Dix-sept pays ainsi que l'Union européenne, soit les grands bailleurs de fonds de la République démocratique du Congo, ont salué l'investiture d'un nouveau gouvernement, en demandant au président Félix Tshisekedi de saisir cette "opportunité historique" pour répondre aux attentes de son peuple.

En tant que partenaires internationaux, nous assurons le nouveau gouvernement de notre soutien pour la mise en œuvre des réformes reflétant la volonté du peuple congolais et l’amélioration de la situation socio-économique à laquelle il aspire”, ont déclaré l’Allemagne, la Belgique, le Canada, la Corée du Sud, l’Espagne, les États-Unis, la France, la Grèce, l’Italie, le Japon, la Norvège, les Pays-Bas, le Portugal, le Royaume-Uni, la Suède, la Suisse, la Tchéquie et l’Union européenne, rapporte Financial Afrik.

La RDC dépend en grande partie de l'aide bilatérale et multilatérale pour compenser les faiblesses de son budget.

2023 en toile de fond

Les Etats-Unis, la France, le Royaume Uni, la Belgique, le Japon, et la Suède notamment rappellent au président congolais ses engagements: "renforcer la démocratie", "garantir l'Etat de droit", améliorer le "climat des affaires”, notamment la lutte contre la corruption et "assurer la sécurité" à l'Est.

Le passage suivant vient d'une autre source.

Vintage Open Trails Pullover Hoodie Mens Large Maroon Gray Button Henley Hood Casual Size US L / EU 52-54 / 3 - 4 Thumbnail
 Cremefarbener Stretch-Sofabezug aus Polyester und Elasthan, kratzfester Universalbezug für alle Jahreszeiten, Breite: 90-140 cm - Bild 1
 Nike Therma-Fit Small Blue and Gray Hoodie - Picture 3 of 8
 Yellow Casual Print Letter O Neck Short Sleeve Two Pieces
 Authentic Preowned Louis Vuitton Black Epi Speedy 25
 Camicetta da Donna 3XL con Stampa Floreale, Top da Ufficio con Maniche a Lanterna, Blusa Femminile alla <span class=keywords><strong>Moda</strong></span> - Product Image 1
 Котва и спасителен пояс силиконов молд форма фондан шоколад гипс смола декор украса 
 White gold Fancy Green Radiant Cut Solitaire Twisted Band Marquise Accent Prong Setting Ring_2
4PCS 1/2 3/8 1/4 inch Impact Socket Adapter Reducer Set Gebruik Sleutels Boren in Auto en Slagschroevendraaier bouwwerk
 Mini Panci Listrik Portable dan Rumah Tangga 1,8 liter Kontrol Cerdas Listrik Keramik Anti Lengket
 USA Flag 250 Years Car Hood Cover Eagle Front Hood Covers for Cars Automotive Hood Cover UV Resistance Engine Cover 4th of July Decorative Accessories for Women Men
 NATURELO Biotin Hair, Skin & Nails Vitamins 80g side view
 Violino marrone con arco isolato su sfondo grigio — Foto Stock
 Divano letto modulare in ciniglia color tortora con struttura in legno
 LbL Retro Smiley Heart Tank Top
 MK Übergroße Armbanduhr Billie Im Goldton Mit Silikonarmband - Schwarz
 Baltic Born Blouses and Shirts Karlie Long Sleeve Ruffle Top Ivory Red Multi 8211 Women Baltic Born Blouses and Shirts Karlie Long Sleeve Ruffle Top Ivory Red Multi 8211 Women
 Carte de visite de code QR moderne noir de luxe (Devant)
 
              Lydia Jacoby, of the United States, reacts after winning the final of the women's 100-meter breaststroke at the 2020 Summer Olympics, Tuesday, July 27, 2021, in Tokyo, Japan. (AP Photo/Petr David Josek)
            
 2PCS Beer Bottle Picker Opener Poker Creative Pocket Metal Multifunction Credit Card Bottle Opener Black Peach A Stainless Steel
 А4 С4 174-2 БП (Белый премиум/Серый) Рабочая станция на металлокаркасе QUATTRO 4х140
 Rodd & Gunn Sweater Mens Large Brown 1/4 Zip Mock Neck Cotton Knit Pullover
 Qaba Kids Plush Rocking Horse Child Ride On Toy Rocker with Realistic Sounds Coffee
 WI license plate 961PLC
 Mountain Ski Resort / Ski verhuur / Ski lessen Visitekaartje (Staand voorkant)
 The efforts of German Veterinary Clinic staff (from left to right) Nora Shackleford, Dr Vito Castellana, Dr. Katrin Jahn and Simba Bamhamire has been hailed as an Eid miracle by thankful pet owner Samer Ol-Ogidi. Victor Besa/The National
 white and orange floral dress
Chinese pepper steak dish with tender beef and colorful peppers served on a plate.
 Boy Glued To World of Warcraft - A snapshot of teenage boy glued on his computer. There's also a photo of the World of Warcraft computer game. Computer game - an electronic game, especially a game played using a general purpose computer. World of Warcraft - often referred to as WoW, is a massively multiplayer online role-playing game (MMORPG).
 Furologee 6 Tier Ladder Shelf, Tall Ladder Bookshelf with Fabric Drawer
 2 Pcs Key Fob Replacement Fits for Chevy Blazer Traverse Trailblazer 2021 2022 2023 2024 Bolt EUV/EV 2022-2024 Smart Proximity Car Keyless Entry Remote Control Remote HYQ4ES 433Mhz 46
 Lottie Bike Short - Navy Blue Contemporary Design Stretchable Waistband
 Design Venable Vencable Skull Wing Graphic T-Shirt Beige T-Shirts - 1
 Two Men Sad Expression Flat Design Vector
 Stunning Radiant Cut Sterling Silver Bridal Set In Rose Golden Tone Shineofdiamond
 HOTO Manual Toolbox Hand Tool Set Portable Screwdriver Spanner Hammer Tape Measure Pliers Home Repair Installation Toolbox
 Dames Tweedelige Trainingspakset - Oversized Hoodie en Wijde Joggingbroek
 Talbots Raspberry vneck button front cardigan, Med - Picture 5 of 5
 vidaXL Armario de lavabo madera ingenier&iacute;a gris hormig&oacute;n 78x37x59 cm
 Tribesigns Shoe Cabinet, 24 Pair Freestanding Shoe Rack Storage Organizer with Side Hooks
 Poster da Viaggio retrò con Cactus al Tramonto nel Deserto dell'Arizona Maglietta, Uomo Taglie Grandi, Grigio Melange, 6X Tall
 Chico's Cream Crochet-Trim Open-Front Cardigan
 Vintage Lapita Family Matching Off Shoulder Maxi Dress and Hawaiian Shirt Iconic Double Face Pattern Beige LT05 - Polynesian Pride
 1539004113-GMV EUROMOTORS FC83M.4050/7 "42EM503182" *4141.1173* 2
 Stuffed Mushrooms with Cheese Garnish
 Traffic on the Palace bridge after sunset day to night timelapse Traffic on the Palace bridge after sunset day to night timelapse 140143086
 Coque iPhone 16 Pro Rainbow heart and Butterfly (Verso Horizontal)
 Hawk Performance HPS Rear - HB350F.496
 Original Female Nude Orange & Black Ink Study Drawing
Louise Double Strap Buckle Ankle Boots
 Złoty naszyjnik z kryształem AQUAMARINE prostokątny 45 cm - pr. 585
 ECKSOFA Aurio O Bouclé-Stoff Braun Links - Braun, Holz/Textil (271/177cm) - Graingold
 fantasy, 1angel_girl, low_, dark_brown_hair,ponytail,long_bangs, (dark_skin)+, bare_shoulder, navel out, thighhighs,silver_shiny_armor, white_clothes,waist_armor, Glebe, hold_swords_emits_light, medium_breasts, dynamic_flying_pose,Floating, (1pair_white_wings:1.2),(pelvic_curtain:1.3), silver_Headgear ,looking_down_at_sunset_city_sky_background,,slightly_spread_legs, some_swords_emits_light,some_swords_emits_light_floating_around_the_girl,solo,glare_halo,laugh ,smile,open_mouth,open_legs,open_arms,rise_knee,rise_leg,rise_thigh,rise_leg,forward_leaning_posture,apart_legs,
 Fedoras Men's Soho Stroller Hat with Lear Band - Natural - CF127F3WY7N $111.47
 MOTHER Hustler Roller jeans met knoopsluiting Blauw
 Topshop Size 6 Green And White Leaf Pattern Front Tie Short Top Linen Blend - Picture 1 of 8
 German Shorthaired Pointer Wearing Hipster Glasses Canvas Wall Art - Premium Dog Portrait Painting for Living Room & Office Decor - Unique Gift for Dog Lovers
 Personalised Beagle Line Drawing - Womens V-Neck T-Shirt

Pour respecter l'échéance constitutionnelle de 2023 et consolider les acquis de l’alternance de janvier 2019, les signataires jugent "essentiel de préparer des élections libres, inclusives, transparentes et impartiales”, assurant le nouveau gouvernement de leur "soutien pour la mise en oeuvre des réformes reflétant la volonté du peuple congolais", ajoute l’AFP.

Ils estiment qu’il est temps que l’ensemble des pouvoirs et des institutions s’engagent, dès à présent, dans la préparation juridique, financière et technique d’élections libres, inclusives, transparentes et impartiales, notamment par les réformes attendues de la Commission électorale nationale indépendante (CENI) et de la loi électorale.

Premier défi en perspective: le recensement de la population.